Compartilhamento de estudo pelas redes sociais é a nova tendência entre os jovens

Estudantes conquistam milhares de seguidores no Instagram compartilhando seus métodos de aprendizado

Karina Alexandra Vitali
A estudante Karina Alexandra Vitali encontrou em seu studygram a motivação que precisava para continuar nos estudos e principalmente a coragem de investir em seu sonho: o curso de Direito. Foto: Tiago Ghizoni

A curitibana Letícia Mendes Matocanovic, de 20 anos, acaba de passar no vestibular para o curso de Medicina. Para conseguir a aprovação, a estudante precisou de três anos e meio de estudo focado. Foram dois anos de cursinho presencial e mais um ano e meio estudando em casa. Foi nesse período que ela criou, em 2017, o seu studygram – perfil do Instagram voltado para o compartilhamento de métodos de aprendizado – que hoje tem quase 70 mil seguidores.

Assim como vários estudantes, Letícia sentiu a ansiedade dessa preparação, a cobrança da escola, família, amigos e até mesmo a cobrança pessoal, mas encontrou na rede social uma forma de se comunicar com outros estudantes e compartilhar o seu desempenho nos estudo.

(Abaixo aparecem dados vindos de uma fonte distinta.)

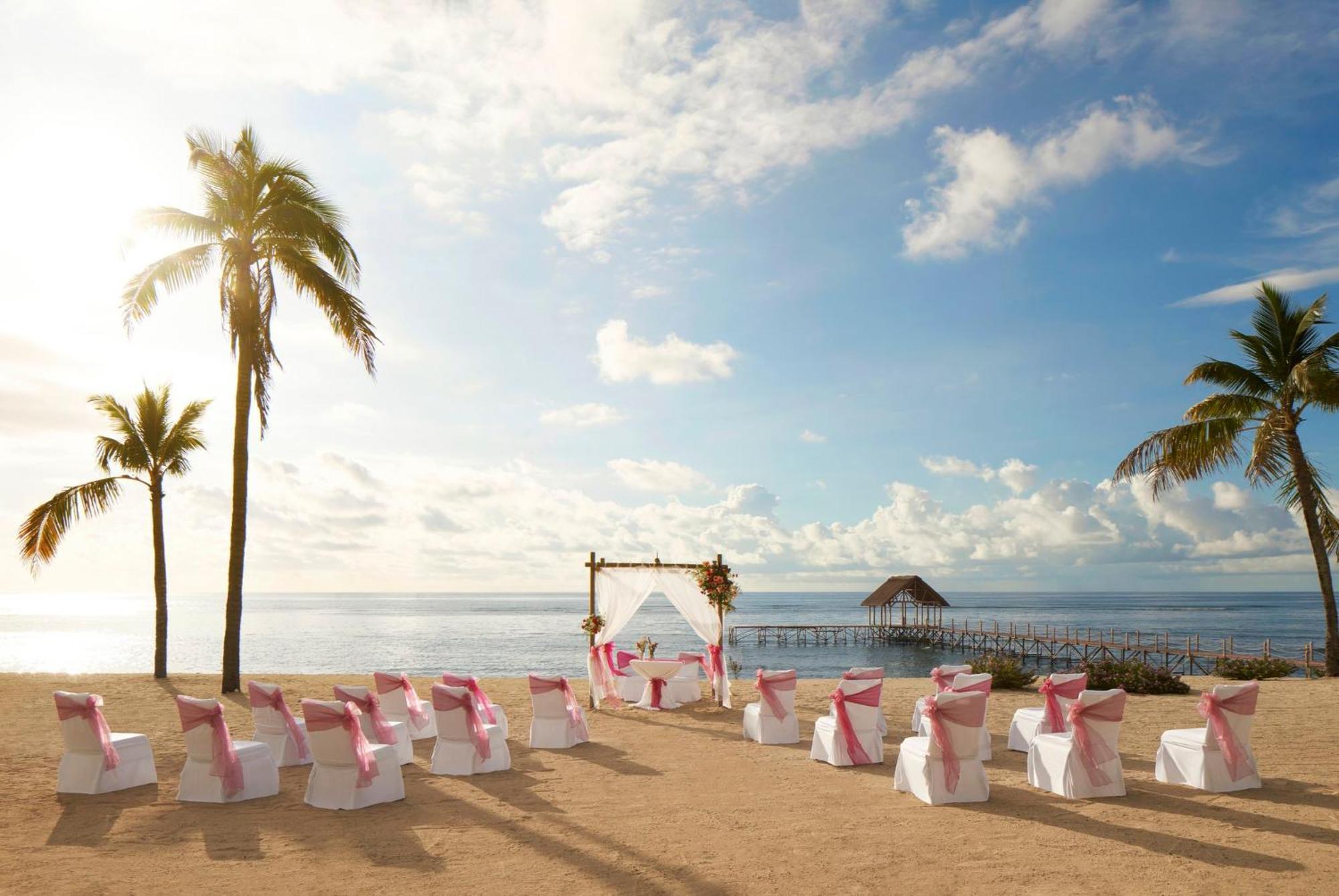 فندق لو ميريديان إلموريس بوينتي أو بيتشيز المظهر الخارجي الصورة Beach wedding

– As redes sociais me ajudaram nesse processo por me exporem a uma comunidade de estudantes que trocavam experiências, dicas e motivação – comenta Letícia.

 

Ver essa foto no Instagram

 

Uma publicação compartilhada por let (@medgurlonfire) em

Os perfis voltados para o estudo exibem imagens que combinam mapas mentais, esquemas de aprendizado, lettering, e muita papelaria, que torna as postagens coloridas e chamativas. Além de compartilhar a “estratégia de guerra”, os estudantes dividem nas redes sociais um pouco de sua rotina, o que torna os perfis ainda mais atraentes.

– Eu estudava de manhã e de tarde, muitas vezes à noite, mas geralmente parava para descansar. Ano passado eu começava a estudar por volta das 6h30min, porque descobri que rendia mais pela manhã, então fazia de cinco a sete aulas usando o método pomodoro* (mas com pomodoros de 45 minutos) e um intervalo de 20 minutos no meio da manhã. Almoçava às 12h e tirava uma hora pra descansar e distrair a cabeça. Voltava aos estudos às 13h, terminava as matérias e ia para a academia – lembra Letícia, que agora como caloura de medicina já anunciou uma nova fase e rotina.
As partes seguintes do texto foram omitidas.